Principal Component Analysis (PCA) is a widely used dimensionality reduction technique that transforms high-dimensional data into a lower-dimensional form while retaining as much variance as possible. In Scikit-learn, PCA is implemented through the PCA class in the sklearn.decomposition module.
Key Characteristics of PCA
- Variance Preservation: Maximizes the variance retained in the reduced dimensions.
- Linear Transformation: Projects data onto orthogonal axes (principal components).
- Unsupervised Technique: Does not use class labels.
- Useful for Visualization: Reduces data to 2D or 3D for plotting.
- Preprocessing Step: Often used before clustering or classification.
Basic Rules for Using PCA
- Standardize the features before applying PCA.
- Use PCA primarily for numerical, continuous data.
- Choose the number of components to retain based on explained variance.
- PCA is sensitive to outliers.
- Avoid applying PCA blindly—check interpretability and effectiveness.
Syntax Table
| SL NO | Function | Syntax Example | Description |
|---|---|---|---|
| 1 | Import PCA | from sklearn.decomposition import PCA |
Load the PCA class |
| 2 | Instantiate PCA | pca = PCA(n_components=2) |
Set the number of components |
| 3 | Fit and Transform | X_pca = pca.fit_transform(X_scaled) |
Reduce dimensionality of data |
| 4 | Explained Variance | pca.explained_variance_ratio_ |
View variance retained by each component |
| 5 | Components Matrix | pca.components_ |
Access principal component vectors |
Syntax Explanation
1. Import PCA
What is it? Load the PCA class from the decomposition module.
from sklearn.decomposition import PCA
Explanation:
- This statement gives you access to the PCA toolset in Scikit-learn.

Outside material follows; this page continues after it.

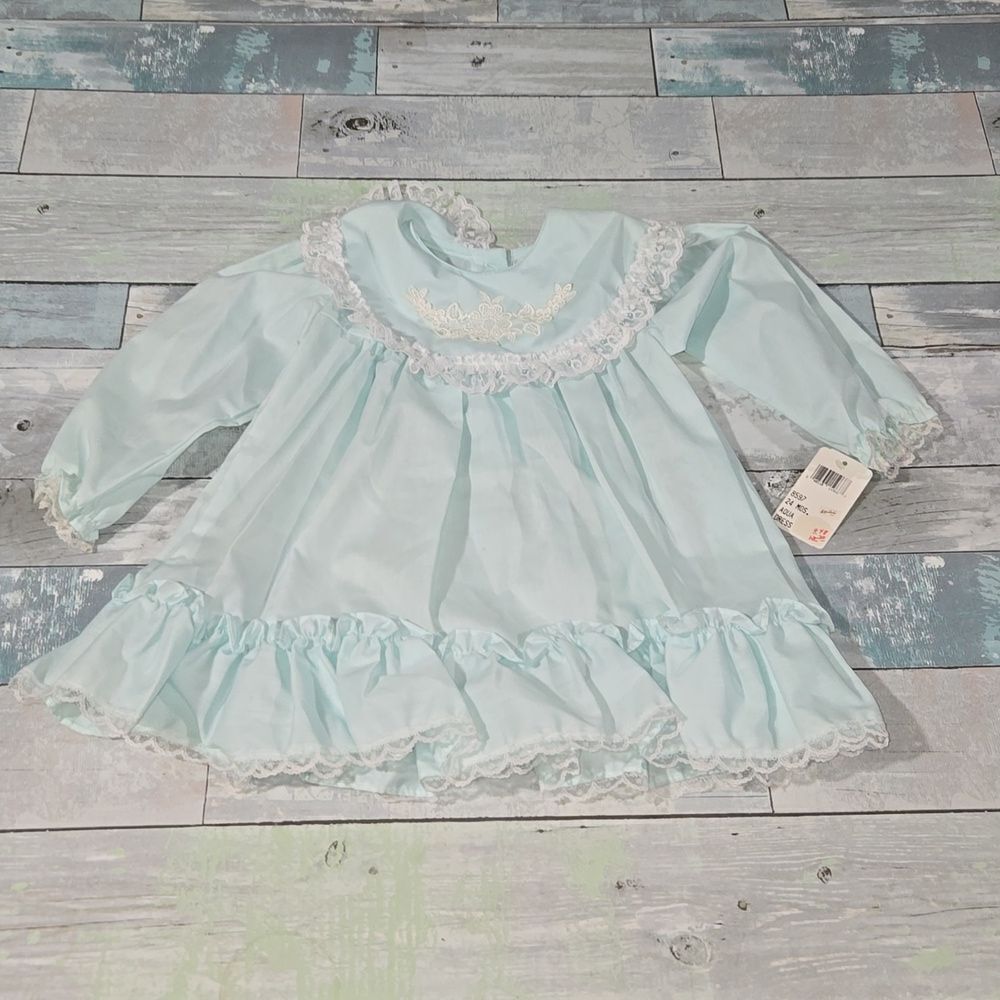 Vintage Alexis Aqua Blue Applique Dress sz 24 mo NWT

- It allows importing the class necessary to perform dimensionality reduction on a dataset using principal component analysis.
2. Instantiate PCA
What is it? Define how many principal components to retain in the reduced dataset.
pca = PCA(n_components=2)
Explanation:
n_componentsdetermines the dimensionality of the output:- If an integer: the number of principal components to keep.
- If a float between 0 and 1: the amount of total variance to preserve.
- Optional parameters:
svd_solver: Auto-selects solver based on input.whiten: When set to True, makes components uncorrelated and scaled.

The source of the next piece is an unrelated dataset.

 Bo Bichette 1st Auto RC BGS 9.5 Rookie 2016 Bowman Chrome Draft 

- Choosing an optimal number of components helps maintain information while simplifying the model.
3. Fit and Transform
What is it? Learn the principal components from the dataset and apply the transformation.
X_pca = pca.fit_transform(X_scaled)
Explanation:
X_scaledis the standardized dataset.fit_transformdoes two tasks:- Learns the principal components.
- Projects the data onto those components.
- The result
X_pcais a 2D array with the shape (samples, components). - This output can be used for further modeling or visualization.
4. Explained Variance
What is it? Shows the proportion of dataset variance explained by each component.
pca.explained_variance_ratio_
Explanation:
- This attribute returns a list of floats.
- Each float corresponds to a principal component.
- Use this to analyze how many components are sufficient (e.g., keep enough components to explain 90–95% variance).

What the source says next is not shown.